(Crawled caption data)
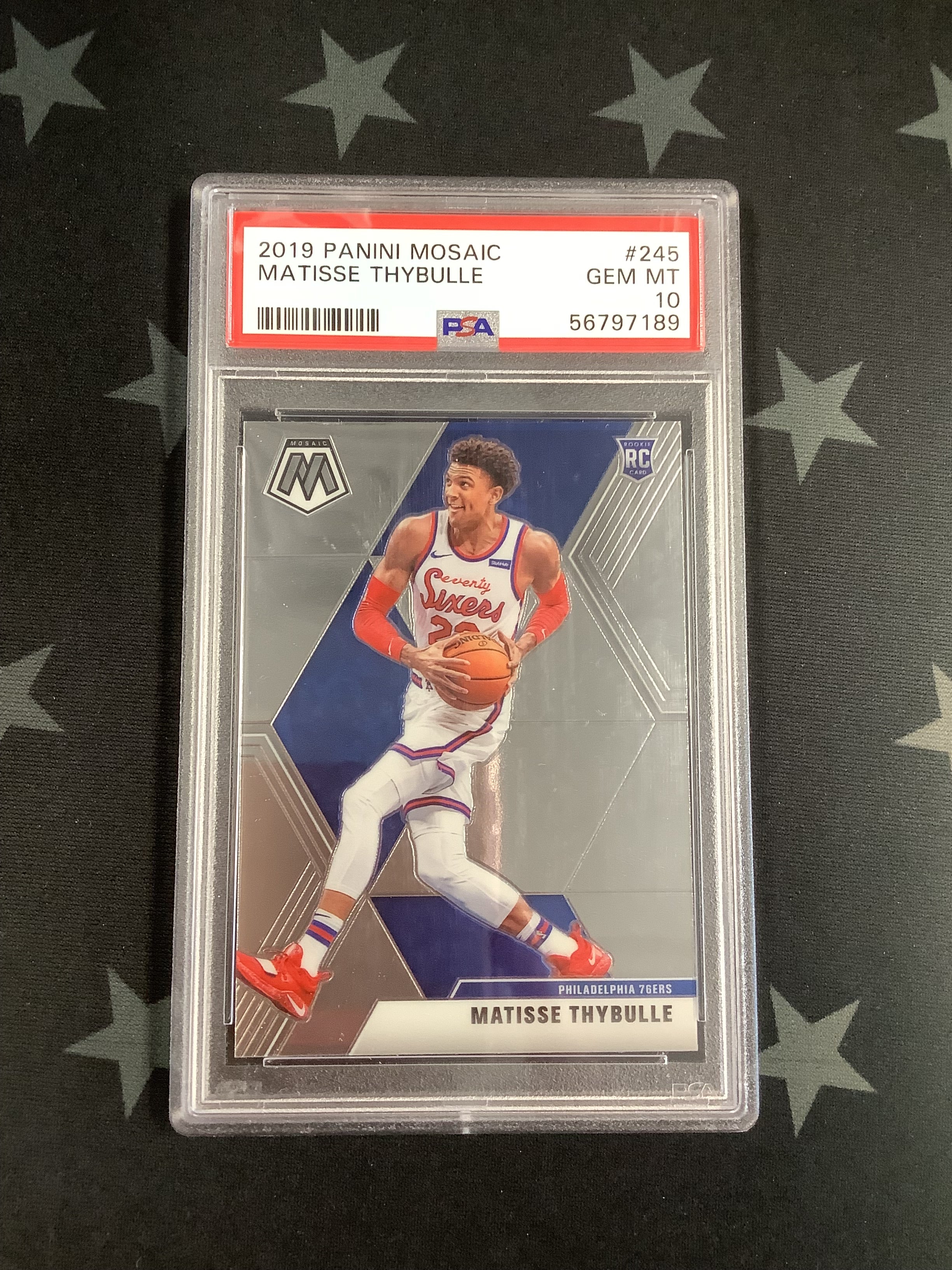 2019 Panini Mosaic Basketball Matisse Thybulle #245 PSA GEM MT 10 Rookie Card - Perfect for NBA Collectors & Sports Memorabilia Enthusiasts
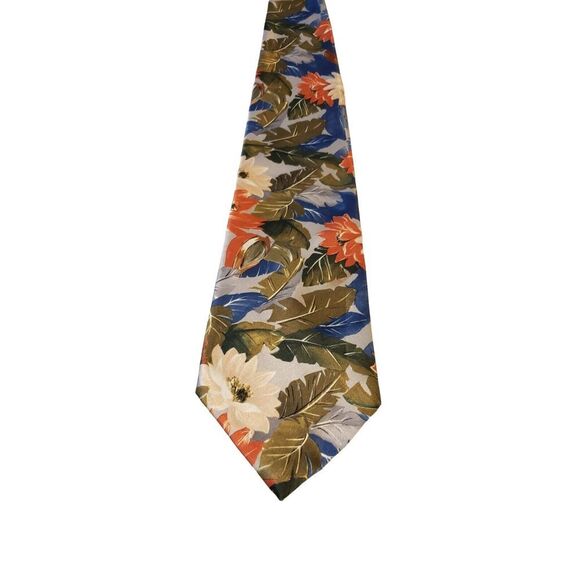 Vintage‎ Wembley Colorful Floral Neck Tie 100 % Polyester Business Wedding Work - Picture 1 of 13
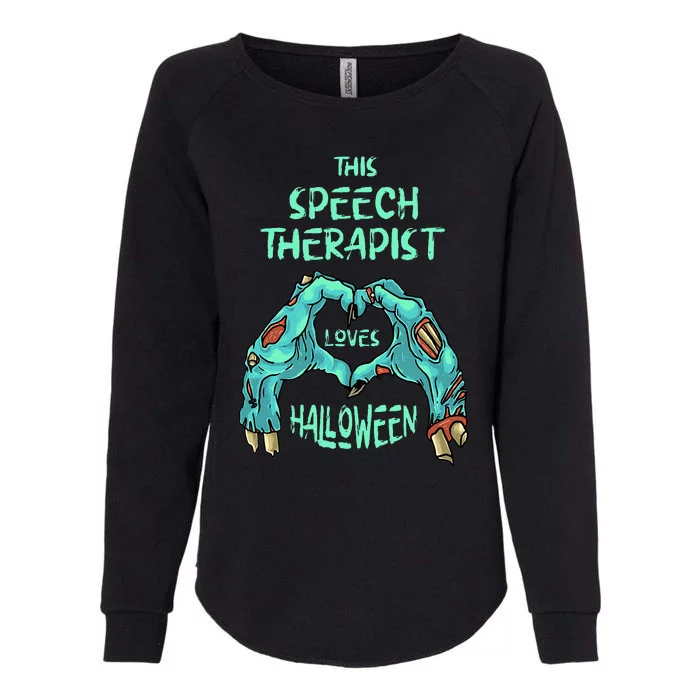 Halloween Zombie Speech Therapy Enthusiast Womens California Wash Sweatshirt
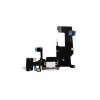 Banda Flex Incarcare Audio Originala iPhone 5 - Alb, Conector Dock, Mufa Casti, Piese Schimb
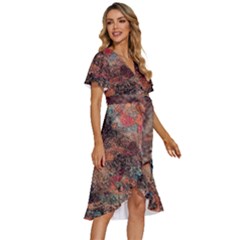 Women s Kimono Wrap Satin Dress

#### [What is expected]
Write out the entries above verbatim; the pictures do not belong in your copy.

#### [Answer area]
 2019 Panini Mosaic Basketball Matisse Thybulle #245 PSA GEM MT 10 Rookie Card - Perfect for NBA Collectors & Sports Memorabilia Enthusiasts
 Vintage‎ Wembley Colorful Floral Neck Tie 100 % Polyester Business Wedding Work - Picture 1 of 13
 Halloween Zombie Speech Therapy Enthusiast Womens California Wash Sweatshirt
 Banda Flex Incarcare Audio Originala iPhone 5 - Alb, Conector Dock, Mufa Casti, Piese Schimb
 Women s Kimono Wrap Satin Dress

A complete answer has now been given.